Hello, I am studying Variance for a binomial distribution and I am hoping if someone can help me understand where n^2 comes from.
E(Y|P) =np V(Y|P)=npq
V(Y) = E[V(Y|P)] + V[E(Y|P)]
=E(npq) +V(np) = nE[p(1-P)] + n^2V(P)
Hello, I am studying Variance for a binomial distribution and I am hoping if someone can help me understand where n^2 comes from.
E(Y|P) =np V(Y|P)=npq
V(Y) = E[V(Y|P)] + V[E(Y|P)]
=E(npq) +V(np) = nE[p(1-P)] + n^2V(P)
It looks like you're placing a distribution on P.
But the n is fixed.
If all you want is.... $\displaystyle V(aX+b)=a^2V(X)$, well that's easy.

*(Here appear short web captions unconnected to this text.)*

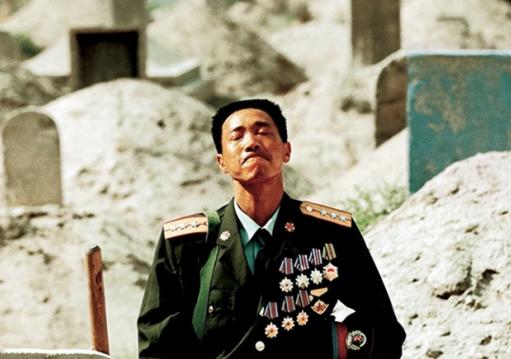 西藏军区汽车兵张良善，新婚10天接到通知归队，10个月后，他却跪在妻儿坟前放声痛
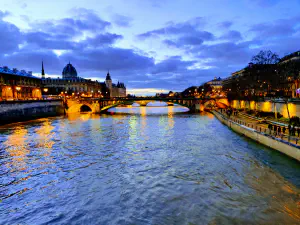 Paris sunset by the seine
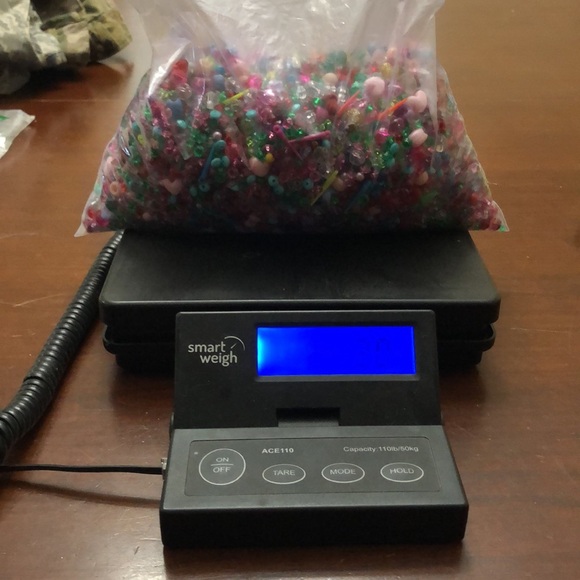 Kids bead soup 2 lbs plus extras huge bundle lot - Picture 12 of 13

The definition of variance is $\displaystyle V(Y)=E\bigl((Y-\mu_y)^2\bigr)$.
Let $\displaystyle Y=aX+b$, so $\displaystyle \mu_Y=a\mu_X+b$.
Hence $\displaystyle V(Y)=E(aX+b-(a\mu_x+b))^2=E(aX-a\mu_x)^2$
$\displaystyle =E(a(X-\mu_x))^2=a^2E(X-\mu_x)^2=a^2V(X)$ .